为什么 TensorFlow 示例在增加批量大小时会失败? [英] Why does TensorFlow example fail when increasing batch size?

查看:22
本文介绍了为什么 TensorFlow 示例在增加批量大小时会失败?的处理方法,对大家解决问题具有一定的参考价值,需要的朋友们下面随着小编来一起学习吧!

问题描述

我正在查看 面向初学者的 Tensorflow MNIST 示例,发现在这部分:

I was looking at the Tensorflow MNIST example for beginners and found that in this part:

for i in range(1000):
  batch_xs, batch_ys = mnist.train.next_batch(100)
  sess.run(train_step, feed_dict={x: batch_xs, y_: batch_ys})

将批大小从 100 更改为 204 以上会导致模型无法收敛.它最多可以工作到 204,但是在 205 和我尝试过的任何更高的数字时,准确度最终会<10%.这是一个错误,是算法的问题,还是其他问题?

changing the batch size from 100 to be above 204 causes the model to fail to converge. It works up to 204, but at 205 and any higher number I tried, the accuracy would end up < 10%. Is this a bug, something about the algorithm, something else?

这是为 OS X 运行他们的二进制安装,似乎是 0.5.0 版.

This is running their binary installation for OS X, seems to be version 0.5.0.

推荐答案

您在初学者示例中使用的是非常基本的线性模型吗?

You're using the very basic linear model in the beginners example?
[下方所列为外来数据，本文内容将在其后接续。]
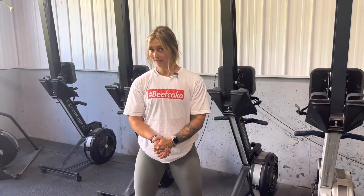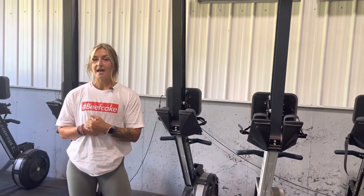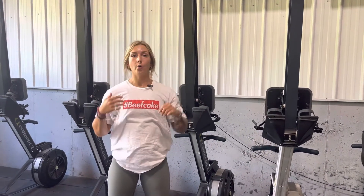For our anabolic conditioning workout today, we're going to complete it four times. We have a descending rep scheme of a combination of rowing and either shoulder taps or wall climbs. Depending on your fitness level, you can choose accordingly.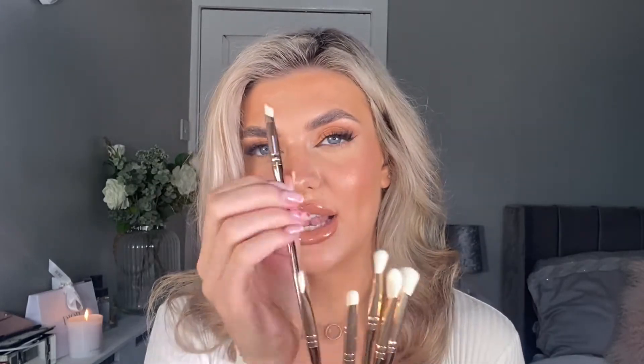The eye brushes have got you covered for a full eye look — you've got blending brushes, buffing brushes, and liner brushes. The biggest of the eye brushes I like to use for buffing in my eye primer, concealer, anything like that. It's also great on the skin if you want to cover any blemishes.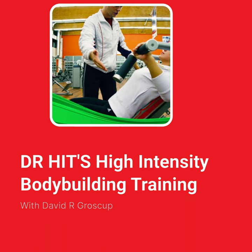Hi, this is Dave Brouskup, Dr. HIT. This is the initial broadcast of my podcast, my first episode, and I've chosen one of my favorites: static holds.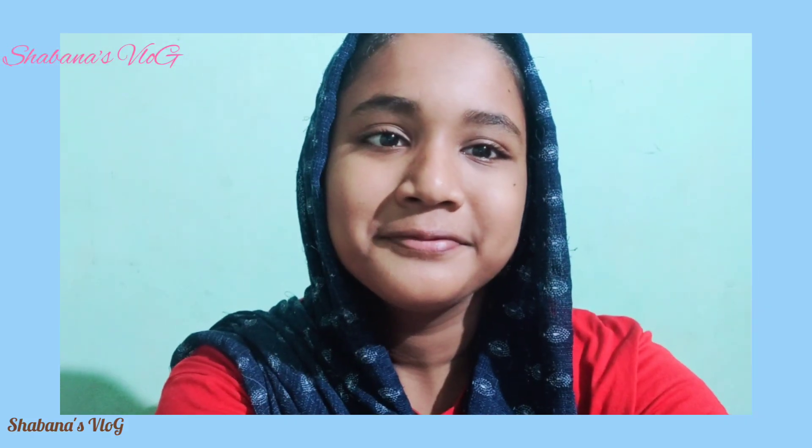Welcome back to our Shabana's vlog. I am going to show you a cooking video — I love rice nachos. Now let's see how you eat the rice. Please watch the video on our channel and subscribe.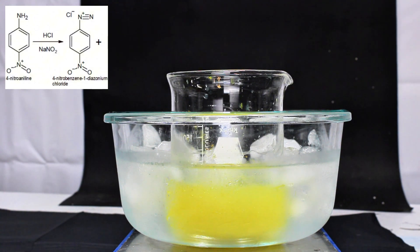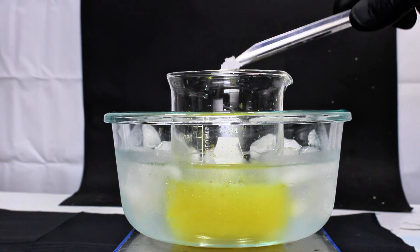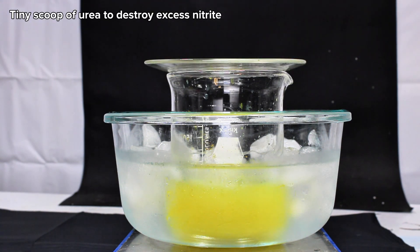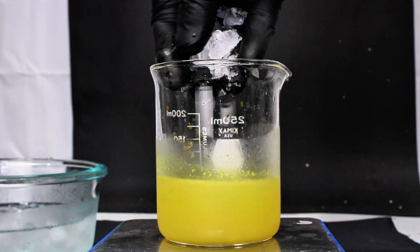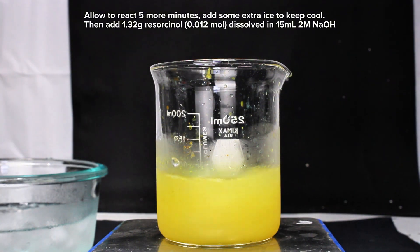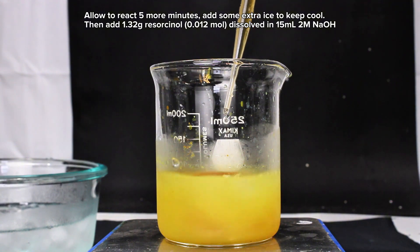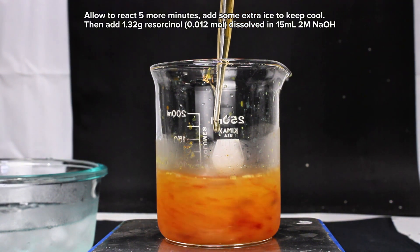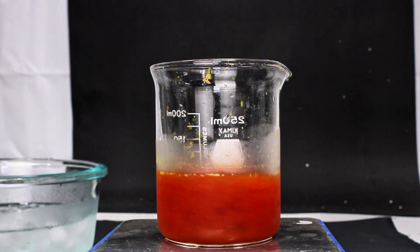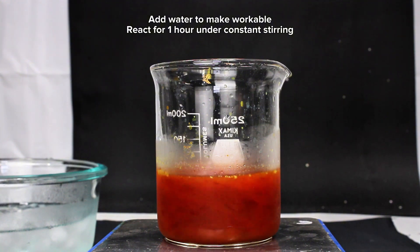Hope I said that right. And this is our intermediate product. Once this mixture has had about 15 minutes to sit and react, I went ahead and added around a quarter gram of urea to destroy any excess nitrite. This is allowed to react for another 5 minutes before slowly adding 1.32 grams of resorcinol dissolved in 15 milliliters of 2 molar sodium hydroxide. The moment the resorcinol comes in contact with the diazonium salt, the two will immediately react forming a dense red precipitate of our product, Azo Violet.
这是调试它的一个技巧 - 在增加批大小时观察交叉熵(第一行来自示例,第二行是我刚刚添加的):

Here's a trick to debug it - watch the cross-entropy as you increase the batch size (the first line is from the example, the second I just added):

cross_entropy = -tf.reduce_sum(y_*tf.log(y))
cross_entropy = tf.Print(cross_entropy, [cross_entropy], "CrossE")

批量大小为 204 时,您会看到:

At a batch size of 204, you'll see:

I tensorflow/core/kernels/logging_ops.cc:64] CrossE[92.37558]
I tensorflow/core/kernels/logging_ops.cc:64] CrossE[90.107414]

但是在 205 处,您会从一开始就看到这样的序列:

But at 205, you'll see a sequence like this, from the start:

I tensorflow/core/kernels/logging_ops.cc:64] CrossE[472.02966]
I tensorflow/core/kernels/logging_ops.cc:64] CrossE[475.11697]
I tensorflow/core/kernels/logging_ops.cc:64] CrossE[1418.6655]
I tensorflow/core/kernels/logging_ops.cc:64] CrossE[1546.3833]
I tensorflow/core/kernels/logging_ops.cc:64] CrossE[1684.2932]
I tensorflow/core/kernels/logging_ops.cc:64] CrossE[1420.02]
I tensorflow/core/kernels/logging_ops.cc:64] CrossE[1796.0872]
I tensorflow/core/kernels/logging_ops.cc:64] CrossE[nan]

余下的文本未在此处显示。